**Data records**:
* * *

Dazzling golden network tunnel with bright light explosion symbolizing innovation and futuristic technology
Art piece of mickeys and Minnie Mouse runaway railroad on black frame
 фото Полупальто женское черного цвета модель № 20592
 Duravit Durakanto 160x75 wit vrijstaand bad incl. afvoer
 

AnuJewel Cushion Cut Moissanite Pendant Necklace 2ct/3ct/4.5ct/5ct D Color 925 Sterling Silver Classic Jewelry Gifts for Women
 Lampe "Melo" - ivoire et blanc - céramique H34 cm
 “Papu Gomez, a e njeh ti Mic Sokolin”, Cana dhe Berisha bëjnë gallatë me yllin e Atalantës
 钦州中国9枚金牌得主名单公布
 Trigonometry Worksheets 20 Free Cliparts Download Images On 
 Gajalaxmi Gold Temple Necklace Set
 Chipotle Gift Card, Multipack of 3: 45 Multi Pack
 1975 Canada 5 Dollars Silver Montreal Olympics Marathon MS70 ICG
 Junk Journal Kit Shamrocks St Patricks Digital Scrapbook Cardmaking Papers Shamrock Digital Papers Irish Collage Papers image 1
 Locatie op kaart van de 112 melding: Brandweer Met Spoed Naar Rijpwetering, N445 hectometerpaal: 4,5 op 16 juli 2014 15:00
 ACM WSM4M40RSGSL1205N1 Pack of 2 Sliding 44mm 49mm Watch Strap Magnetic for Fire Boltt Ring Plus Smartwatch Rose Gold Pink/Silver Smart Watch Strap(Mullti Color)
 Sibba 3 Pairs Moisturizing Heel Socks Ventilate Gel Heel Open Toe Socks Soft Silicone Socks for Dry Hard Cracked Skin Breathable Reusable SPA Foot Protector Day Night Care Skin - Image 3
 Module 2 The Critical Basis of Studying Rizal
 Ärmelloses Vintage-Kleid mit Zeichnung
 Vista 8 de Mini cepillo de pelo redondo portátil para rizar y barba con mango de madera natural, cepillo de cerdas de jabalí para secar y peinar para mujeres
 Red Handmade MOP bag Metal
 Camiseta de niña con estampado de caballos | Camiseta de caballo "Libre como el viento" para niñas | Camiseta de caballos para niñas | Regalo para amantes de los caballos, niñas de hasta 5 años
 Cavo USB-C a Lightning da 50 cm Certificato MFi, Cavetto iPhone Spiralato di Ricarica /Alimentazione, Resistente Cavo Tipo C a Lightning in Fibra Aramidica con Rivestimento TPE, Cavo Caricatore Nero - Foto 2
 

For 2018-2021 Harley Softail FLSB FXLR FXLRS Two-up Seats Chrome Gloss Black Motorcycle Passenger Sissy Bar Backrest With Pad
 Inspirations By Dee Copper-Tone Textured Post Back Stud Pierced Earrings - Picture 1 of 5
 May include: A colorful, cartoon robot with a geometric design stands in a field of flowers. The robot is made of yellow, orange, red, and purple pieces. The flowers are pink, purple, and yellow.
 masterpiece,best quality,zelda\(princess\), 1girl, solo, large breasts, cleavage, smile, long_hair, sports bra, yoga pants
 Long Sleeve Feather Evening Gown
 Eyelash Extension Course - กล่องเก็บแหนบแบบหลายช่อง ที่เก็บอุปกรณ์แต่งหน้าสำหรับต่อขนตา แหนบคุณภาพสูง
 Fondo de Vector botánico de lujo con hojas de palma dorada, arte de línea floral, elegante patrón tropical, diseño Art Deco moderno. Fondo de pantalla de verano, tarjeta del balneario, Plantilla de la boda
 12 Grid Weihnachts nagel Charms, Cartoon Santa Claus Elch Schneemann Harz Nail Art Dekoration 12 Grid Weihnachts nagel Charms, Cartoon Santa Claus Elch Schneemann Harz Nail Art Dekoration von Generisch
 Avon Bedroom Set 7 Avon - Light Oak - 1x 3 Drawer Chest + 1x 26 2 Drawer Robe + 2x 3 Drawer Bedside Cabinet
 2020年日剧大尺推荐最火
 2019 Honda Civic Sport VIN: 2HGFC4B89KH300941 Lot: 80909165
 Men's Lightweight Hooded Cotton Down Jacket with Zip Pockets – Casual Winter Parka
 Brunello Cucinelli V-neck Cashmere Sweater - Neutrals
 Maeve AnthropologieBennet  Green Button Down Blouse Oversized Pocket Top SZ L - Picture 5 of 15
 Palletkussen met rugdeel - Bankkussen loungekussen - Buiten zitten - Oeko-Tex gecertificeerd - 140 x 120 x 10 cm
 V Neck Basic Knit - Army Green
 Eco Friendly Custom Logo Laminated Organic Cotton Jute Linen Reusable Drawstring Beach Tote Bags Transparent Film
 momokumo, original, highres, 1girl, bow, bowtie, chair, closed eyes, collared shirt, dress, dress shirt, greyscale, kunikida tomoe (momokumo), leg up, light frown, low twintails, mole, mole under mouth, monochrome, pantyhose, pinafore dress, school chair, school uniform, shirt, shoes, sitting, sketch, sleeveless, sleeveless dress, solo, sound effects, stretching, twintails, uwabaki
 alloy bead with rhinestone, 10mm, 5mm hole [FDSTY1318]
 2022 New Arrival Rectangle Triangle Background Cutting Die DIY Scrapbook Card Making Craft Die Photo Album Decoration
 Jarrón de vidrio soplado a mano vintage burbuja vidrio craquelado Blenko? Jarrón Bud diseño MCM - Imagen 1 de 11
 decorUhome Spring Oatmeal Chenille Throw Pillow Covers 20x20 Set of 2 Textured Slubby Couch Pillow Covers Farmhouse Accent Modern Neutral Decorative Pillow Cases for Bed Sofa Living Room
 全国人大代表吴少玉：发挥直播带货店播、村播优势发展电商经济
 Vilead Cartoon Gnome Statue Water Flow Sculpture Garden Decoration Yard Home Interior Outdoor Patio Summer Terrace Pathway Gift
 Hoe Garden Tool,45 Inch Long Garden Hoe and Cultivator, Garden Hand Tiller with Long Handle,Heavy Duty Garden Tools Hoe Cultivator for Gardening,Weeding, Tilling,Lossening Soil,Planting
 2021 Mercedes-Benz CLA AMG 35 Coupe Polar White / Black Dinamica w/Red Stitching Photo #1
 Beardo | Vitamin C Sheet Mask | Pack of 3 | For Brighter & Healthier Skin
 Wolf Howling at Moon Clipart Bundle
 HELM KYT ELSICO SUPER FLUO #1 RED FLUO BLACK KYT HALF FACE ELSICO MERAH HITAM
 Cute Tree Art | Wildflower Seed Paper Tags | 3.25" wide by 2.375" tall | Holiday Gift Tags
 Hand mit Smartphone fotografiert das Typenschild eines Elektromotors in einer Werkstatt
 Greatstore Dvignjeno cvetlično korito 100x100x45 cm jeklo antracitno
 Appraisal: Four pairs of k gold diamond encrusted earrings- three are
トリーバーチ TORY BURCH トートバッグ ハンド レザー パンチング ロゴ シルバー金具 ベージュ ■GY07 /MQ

* * *

**WHAT YOU ARE ASKED TO DO**: Retype the records above in full, with no differences.

**RESPONSE TO THE TASK**:
Dazzling golden network tunnel with bright light explosion symbolizing innovation and futuristic technology
Art piece of mickeys and Minnie Mouse runaway railroad on black frame
 фото Полупальто женское черного цвета модель № 20592
 Duravit Durakanto 160x75 wit vrijstaand bad incl. afvoer
 

AnuJewel Cushion Cut Moissanite Pendant Necklace 2ct/3ct/4.5ct/5ct D Color 925 Sterling Silver Classic Jewelry Gifts for Women
 Lampe "Melo" - ivoire et blanc - céramique H34 cm
 “Papu Gomez, a e njeh ti Mic Sokolin”, Cana dhe Berisha bëjnë gallatë me yllin e Atalantës
 钦州中国9枚金牌得主名单公布
 Trigonometry Worksheets 20 Free Cliparts Download Images On 
 Gajalaxmi Gold Temple Necklace Set
 Chipotle Gift Card, Multipack of 3: 45 Multi Pack
 1975 Canada 5 Dollars Silver Montreal Olympics Marathon MS70 ICG
 Junk Journal Kit Shamrocks St Patricks Digital Scrapbook Cardmaking Papers Shamrock Digital Papers Irish Collage Papers image 1
 Locatie op kaart van de 112 melding: Brandweer Met Spoed Naar Rijpwetering, N445 hectometerpaal: 4,5 op 16 juli 2014 15:00
 ACM WSM4M40RSGSL1205N1 Pack of 2 Sliding 44mm 49mm Watch Strap Magnetic for Fire Boltt Ring Plus Smartwatch Rose Gold Pink/Silver Smart Watch Strap(Mullti Color)
 Sibba 3 Pairs Moisturizing Heel Socks Ventilate Gel Heel Open Toe Socks Soft Silicone Socks for Dry Hard Cracked Skin Breathable Reusable SPA Foot Protector Day Night Care Skin - Image 3
 Module 2 The Critical Basis of Studying Rizal
 Ärmelloses Vintage-Kleid mit Zeichnung
 Vista 8 de Mini cepillo de pelo redondo portátil para rizar y barba con mango de madera natural, cepillo de cerdas de jabalí para secar y peinar para mujeres
 Red Handmade MOP bag Metal
 Camiseta de niña con estampado de caballos | Camiseta de caballo "Libre como el viento" para niñas | Camiseta de caballos para niñas | Regalo para amantes de los caballos, niñas de hasta 5 años
 Cavo USB-C a Lightning da 50 cm Certificato MFi, Cavetto iPhone Spiralato di Ricarica /Alimentazione, Resistente Cavo Tipo C a Lightning in Fibra Aramidica con Rivestimento TPE, Cavo Caricatore Nero - Foto 2
 

For 2018-2021 Harley Softail FLSB FXLR FXLRS Two-up Seats Chrome Gloss Black Motorcycle Passenger Sissy Bar Backrest With Pad
 Inspirations By Dee Copper-Tone Textured Post Back Stud Pierced Earrings - Picture 1 of 5
 May include: A colorful, cartoon robot with a geometric design stands in a field of flowers. The robot is made of yellow, orange, red, and purple pieces. The flowers are pink, purple, and yellow.
 masterpiece,best quality,zelda\(princess\), 1girl, solo, large breasts, cleavage, smile, long_hair, sports bra, yoga pants
 Long Sleeve Feather Evening Gown
 Eyelash Extension Course - กล่องเก็บแหนบแบบหลายช่อง ที่เก็บอุปกรณ์แต่งหน้าสำหรับต่อขนตา แหนบคุณภาพสูง
 Fondo de Vector botánico de lujo con hojas de palma dorada, arte de línea floral, elegante patrón tropical, diseño Art Deco moderno. Fondo de pantalla de verano, tarjeta del balneario, Plantilla de la boda
 12 Grid Weihnachts nagel Charms, Cartoon Santa Claus Elch Schneemann Harz Nail Art Dekoration 12 Grid Weihnachts nagel Charms, Cartoon Santa Claus Elch Schneemann Harz Nail Art Dekoration von Generisch
 Avon Bedroom Set 7 Avon - Light Oak - 1x 3 Drawer Chest + 1x 26 2 Drawer Robe + 2x 3 Drawer Bedside Cabinet
 2020年日剧大尺推荐最火
 2019 Honda Civic Sport VIN: 2HGFC4B89KH300941 Lot: 80909165
 Men's Lightweight Hooded Cotton Down Jacket with Zip Pockets – Casual Winter Parka
 Brunello Cucinelli V-neck Cashmere Sweater - Neutrals
 Maeve AnthropologieBennet  Green Button Down Blouse Oversized Pocket Top SZ L - Picture 5 of 15
 Palletkussen met rugdeel - Bankkussen loungekussen - Buiten zitten - Oeko-Tex gecertificeerd - 140 x 120 x 10 cm
 V Neck Basic Knit - Army Green
 Eco Friendly Custom Logo Laminated Organic Cotton Jute Linen Reusable Drawstring Beach Tote Bags Transparent Film
 momokumo, original, highres, 1girl, bow, bowtie, chair, closed eyes, collared shirt, dress, dress shirt, greyscale, kunikida tomoe (momokumo), leg up, light frown, low twintails, mole, mole under mouth, monochrome, pantyhose, pinafore dress, school chair, school uniform, shirt, shoes, sitting, sketch, sleeveless, sleeveless dress, solo, sound effects, stretching, twintails, uwabaki
 alloy bead with rhinestone, 10mm, 5mm hole [FDSTY1318]
 2022 New Arrival Rectangle Triangle Background Cutting Die DIY Scrapbook Card Making Craft Die Photo Album Decoration
 Jarrón de vidrio soplado a mano vintage burbuja vidrio craquelado Blenko? Jarrón Bud diseño MCM - Imagen 1 de 11
 decorUhome Spring Oatmeal Chenille Throw Pillow Covers 20x20 Set of 2 Textured Slubby Couch Pillow Covers Farmhouse Accent Modern Neutral Decorative Pillow Cases for Bed Sofa Living Room
 全国人大代表吴少玉：发挥直播带货店播、村播优势发展电商经济
 Vilead Cartoon Gnome Statue Water Flow Sculpture Garden Decoration Yard Home Interior Outdoor Patio Summer Terrace Pathway Gift
 Hoe Garden Tool,45 Inch Long Garden Hoe and Cultivator, Garden Hand Tiller with Long Handle,Heavy Duty Garden Tools Hoe Cultivator for Gardening,Weeding, Tilling,Lossening Soil,Planting
 2021 Mercedes-Benz CLA AMG 35 Coupe Polar White / Black Dinamica w/Red Stitching Photo #1
 Beardo | Vitamin C Sheet Mask | Pack of 3 | For Brighter & Healthier Skin
 Wolf Howling at Moon Clipart Bundle
 HELM KYT ELSICO SUPER FLUO #1 RED FLUO BLACK KYT HALF FACE ELSICO MERAH HITAM
 Cute Tree Art | Wildflower Seed Paper Tags | 3.25" wide by 2.375" tall | Holiday Gift Tags
 Hand mit Smartphone fotografiert das Typenschild eines Elektromotors in einer Werkstatt
 Greatstore Dvignjeno cvetlično korito 100x100x45 cm jeklo antracitno
 Appraisal: Four pairs of k gold diamond encrusted earrings- three are
トリーバーチ TORY BURCH トートバッグ ハンド レザー パンチング ロゴ シルバー金具 ベージュ ■GY07 /MQ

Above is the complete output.